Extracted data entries
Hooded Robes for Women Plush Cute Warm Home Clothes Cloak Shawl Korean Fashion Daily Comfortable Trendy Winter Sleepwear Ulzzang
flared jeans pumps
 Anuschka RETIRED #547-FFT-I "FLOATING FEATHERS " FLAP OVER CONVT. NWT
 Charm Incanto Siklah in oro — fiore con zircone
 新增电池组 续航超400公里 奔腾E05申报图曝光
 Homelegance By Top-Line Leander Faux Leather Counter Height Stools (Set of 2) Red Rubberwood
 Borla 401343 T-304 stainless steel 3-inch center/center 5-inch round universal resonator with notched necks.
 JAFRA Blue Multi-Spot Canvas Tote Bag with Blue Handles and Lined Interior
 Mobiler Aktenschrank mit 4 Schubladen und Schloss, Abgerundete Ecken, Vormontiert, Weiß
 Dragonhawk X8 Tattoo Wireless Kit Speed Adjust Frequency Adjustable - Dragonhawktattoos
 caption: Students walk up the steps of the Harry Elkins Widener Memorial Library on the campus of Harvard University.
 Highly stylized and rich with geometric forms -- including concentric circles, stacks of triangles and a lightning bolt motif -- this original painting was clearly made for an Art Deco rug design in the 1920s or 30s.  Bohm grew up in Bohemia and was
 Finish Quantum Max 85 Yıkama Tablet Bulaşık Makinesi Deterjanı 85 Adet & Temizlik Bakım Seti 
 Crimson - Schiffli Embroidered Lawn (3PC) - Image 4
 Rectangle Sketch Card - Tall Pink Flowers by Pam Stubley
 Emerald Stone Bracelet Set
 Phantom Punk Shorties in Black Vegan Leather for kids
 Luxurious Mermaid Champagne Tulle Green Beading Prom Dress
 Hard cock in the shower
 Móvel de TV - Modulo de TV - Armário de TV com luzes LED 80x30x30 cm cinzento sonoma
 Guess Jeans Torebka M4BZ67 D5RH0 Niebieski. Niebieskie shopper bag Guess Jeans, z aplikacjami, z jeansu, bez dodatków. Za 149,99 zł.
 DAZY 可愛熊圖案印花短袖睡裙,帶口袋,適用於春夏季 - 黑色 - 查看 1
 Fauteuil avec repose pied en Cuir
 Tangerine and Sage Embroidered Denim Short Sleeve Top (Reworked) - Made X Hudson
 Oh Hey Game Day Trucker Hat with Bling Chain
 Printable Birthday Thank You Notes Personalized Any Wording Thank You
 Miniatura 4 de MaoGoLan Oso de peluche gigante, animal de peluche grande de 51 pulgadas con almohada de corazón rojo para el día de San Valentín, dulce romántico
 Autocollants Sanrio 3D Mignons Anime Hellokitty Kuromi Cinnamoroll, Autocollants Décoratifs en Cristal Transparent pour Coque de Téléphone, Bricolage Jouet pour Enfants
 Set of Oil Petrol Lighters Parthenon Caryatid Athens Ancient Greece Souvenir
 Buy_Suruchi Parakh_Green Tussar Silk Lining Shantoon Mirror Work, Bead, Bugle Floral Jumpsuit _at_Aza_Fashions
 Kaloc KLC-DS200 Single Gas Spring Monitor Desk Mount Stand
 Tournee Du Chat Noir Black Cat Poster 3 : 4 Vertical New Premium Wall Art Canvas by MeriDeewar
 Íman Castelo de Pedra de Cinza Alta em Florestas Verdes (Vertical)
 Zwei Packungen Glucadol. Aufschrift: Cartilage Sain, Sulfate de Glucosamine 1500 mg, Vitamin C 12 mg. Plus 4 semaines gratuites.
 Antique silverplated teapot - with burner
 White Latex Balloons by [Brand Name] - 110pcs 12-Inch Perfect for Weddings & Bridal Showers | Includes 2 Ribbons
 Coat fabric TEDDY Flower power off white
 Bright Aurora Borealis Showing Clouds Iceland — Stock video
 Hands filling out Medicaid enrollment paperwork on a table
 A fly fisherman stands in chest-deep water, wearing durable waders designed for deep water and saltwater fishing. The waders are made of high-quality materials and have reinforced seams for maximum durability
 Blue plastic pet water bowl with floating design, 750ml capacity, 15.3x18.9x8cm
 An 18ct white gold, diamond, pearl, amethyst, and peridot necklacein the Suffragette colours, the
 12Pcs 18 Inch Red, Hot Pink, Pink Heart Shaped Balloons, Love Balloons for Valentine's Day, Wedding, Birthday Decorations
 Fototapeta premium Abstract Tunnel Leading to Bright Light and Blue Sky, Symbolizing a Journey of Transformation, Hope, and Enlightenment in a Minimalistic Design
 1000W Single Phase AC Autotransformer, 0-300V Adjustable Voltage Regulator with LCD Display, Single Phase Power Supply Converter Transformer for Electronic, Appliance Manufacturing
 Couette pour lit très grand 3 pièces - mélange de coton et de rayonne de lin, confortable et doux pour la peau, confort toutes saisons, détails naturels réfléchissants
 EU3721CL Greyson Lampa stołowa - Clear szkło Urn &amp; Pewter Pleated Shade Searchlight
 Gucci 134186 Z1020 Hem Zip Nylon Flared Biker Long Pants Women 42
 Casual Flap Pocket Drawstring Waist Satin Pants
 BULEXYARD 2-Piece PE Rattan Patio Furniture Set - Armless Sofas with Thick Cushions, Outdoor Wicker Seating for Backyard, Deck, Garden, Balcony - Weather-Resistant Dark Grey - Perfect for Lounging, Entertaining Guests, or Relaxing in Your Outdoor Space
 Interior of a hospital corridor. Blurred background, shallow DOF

> _Task_
In the entries above, find the line holding "Crimson - Schiffli" and the line holding "Guess Jeans Torebka"; print both of them and every line between, exactly, and nothing else.

> _Your response_
 Crimson - Schiffli Embroidered Lawn (3PC) - Image 4
 Rectangle Sketch Card - Tall Pink Flowers by Pam Stubley
 Emerald Stone Bracelet Set
 Phantom Punk Shorties in Black Vegan Leather for kids
 Luxurious Mermaid Champagne Tulle Green Beading Prom Dress
 Hard cock in the shower
 Móvel de TV - Modulo de TV - Armário de TV com luzes LED 80x30x30 cm cinzento sonoma
 Guess Jeans Torebka M4BZ67 D5RH0 Niebieski. Niebieskie shopper bag Guess Jeans, z aplikacjami, z jeansu, bez dodatków. Za 149,99 zł.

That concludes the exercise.